McDaniel urged the union to avoid a walkout and resume talks, which broke off Thursday. Union representatives have refused the company’s suggestion of a third-party mediator to resolve the dispute, he added.

If the company were to give in to the union’s demands, the cost would compromise all planned transit upgrades over the next 10 years in Metro Vancouver, he said.

“We specifically want to use this money for what everybody is asking us to do with it: expand service, help control overcrowding, give more service because the demand is increasing,” he said.

The union’s chief negotiator, Gavin McGarrigle, said the $608 million figure needs to be placed in context of a $7.5 billion plan to improve the region’s transit over the next decade.

“We support transit expansion. The company is throwing around big numbers like that but you need to place it inside a multibillion-dollar transit expansion,” he said in an interview.

He also said it wasn’t fair to compare transit workers to public-sector employees because they’re not directly employed by the provincial government. TransLink receives funding from the municipal, provincial and federal governments, as well as through a gas tax, he said.

The wages of transit workers should be compared with other jurisdictions, such as Toronto where they earn about $3 more per hour, he said.

McGarrigle also said the company has not addressed a lack of guaranteed minimum breaks for transit workers during their shifts, which are 7 1/2 hours on average.

He told a news conference earlier Friday if the dispute drags on, buses requiring maintenance will likely have to be taken off the streets, further reducing service.
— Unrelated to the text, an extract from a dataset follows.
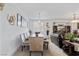 Open-concept dining area featuring tile floors and stylish furnishings at 9792 Valmeyer Ave, Las Vegas, NV 89148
McGarrigle said his members have been without a contract since March and he warned the dispute could be lengthy. 

“Our members are so determined this time. We’re prepared to wait this out, and if that means six months, nine months, a year, that’s what we are going to do and we are going to make sure we get that fair contract,” he told a news conference.

The last transit strike in Metro Vancouver was in 2001 when a four-month walkout crippled the commute for hundreds of thousands of people.

The job action will not affect West Vancouver’s blue bus system, SkyTrain services, or the HandyDart service for passengers with physical or cognitive disabilities.

Unifor and Coast Mountain said they will do their best to give passengers 24- to 48-hours notice of further service disruptions.